Nuclear Energy Startup Transatomic Backtracks on Key Promises The company, backed by Peter Thiel’s Founders Fund, revised inflated assertions about its advanced reactor design after growing concerns prompted an MIT review. MIT Technology Review by James Temple  February 24, 2017 
Nuclear energy startup Transatomic Power has backed away from bold claims for its advanced reactor technology after an informal review by MIT professors highlighted serious errors in the company’s calculations, MIT Technology Review has learned.

The Cambridge, Massachusetts-based company, founded in 2011 by a pair of MIT students in the Nuclear Science & Engineering department, asserted that its molten salt reactor design could run on spent nuclear fuel from conventional reactors and generate energy far more efficiently than them. In a white paper published in March 2014, the company proclaimed its reactor “can generate up to 75 times more electricity per ton of mined uranium than a light-water reactor.”

Those lofty claims helped it raise millions in venture capital, secure a series of glowing media profiles (including in this publication), and draw a rock-star lineup of technical advisors. But in a paper on its site dated November 2016, the company downgraded “75 times” to “more than twice.” In addition, it now specifies that the design “does not reduce existing stockpiles of spent nuclear fuel,” or use them as its fuel source. The promise of recycling nuclear waste, which poses tricky storage and proliferation challenges, was a key initial promise of the company that captured considerable attention.

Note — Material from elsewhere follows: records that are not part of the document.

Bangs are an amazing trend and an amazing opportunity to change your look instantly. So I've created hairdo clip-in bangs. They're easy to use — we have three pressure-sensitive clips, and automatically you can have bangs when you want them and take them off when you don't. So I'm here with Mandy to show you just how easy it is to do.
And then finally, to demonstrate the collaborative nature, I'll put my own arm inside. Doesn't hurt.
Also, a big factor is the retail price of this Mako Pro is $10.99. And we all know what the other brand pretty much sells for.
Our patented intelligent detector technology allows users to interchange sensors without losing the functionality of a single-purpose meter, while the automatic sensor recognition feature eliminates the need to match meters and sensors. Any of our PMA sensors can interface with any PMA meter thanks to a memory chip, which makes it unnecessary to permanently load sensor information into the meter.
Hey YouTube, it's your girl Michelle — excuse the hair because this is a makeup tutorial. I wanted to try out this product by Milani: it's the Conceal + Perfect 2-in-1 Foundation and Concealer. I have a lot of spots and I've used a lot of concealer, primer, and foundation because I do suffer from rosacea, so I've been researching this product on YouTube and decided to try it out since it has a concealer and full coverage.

“In early 2016, we realized there was a problem with our initial analysis and started working to correct the error,” cofounder Leslie Dewan said in an e-mail response to an inquiry from MIT Technology Review.

The dramatic revisions followed an analysis in late 2015 by Kord Smith, a nuclear science and engineering professor at MIT and an expert in the physics of nuclear reactors.

At that point, there were growing doubts in the field about the company’s claims and at least some worries that any inflated claims could tarnish the reputation of MIT’s nuclear department, which has been closely associated with the company. Transatomic also has a three-year research agreement with the department, according to earlier press releases.

In reviewing the company’s white paper, Smith noticed immediate red flags. He relayed his concerns to his department head and the company, and subsequently conducted an informal review with two other professors.

“I said this is obviously incorrect based on basic physics,” Smith says. He asked the company to run a test, which ended up confirming that “their claims were completely untrue,” Smith says.

He notes that promising to increase the reactor’s fuel efficiency by 75 times is the rough equivalent of saying that, in a single step, you’d developed a car that could get 2,500 miles per gallon.

Ultimately, the company redid its analysis, and produced and posted a new white paper………

The company has raised at least $4.5 million from Peter Thiel’s Founders Fund, Acadia Woods Partners, and Daniel Aegerter of Armada Investment AG. Venture capital veteran Ray Rothrock serves as chairman of the company.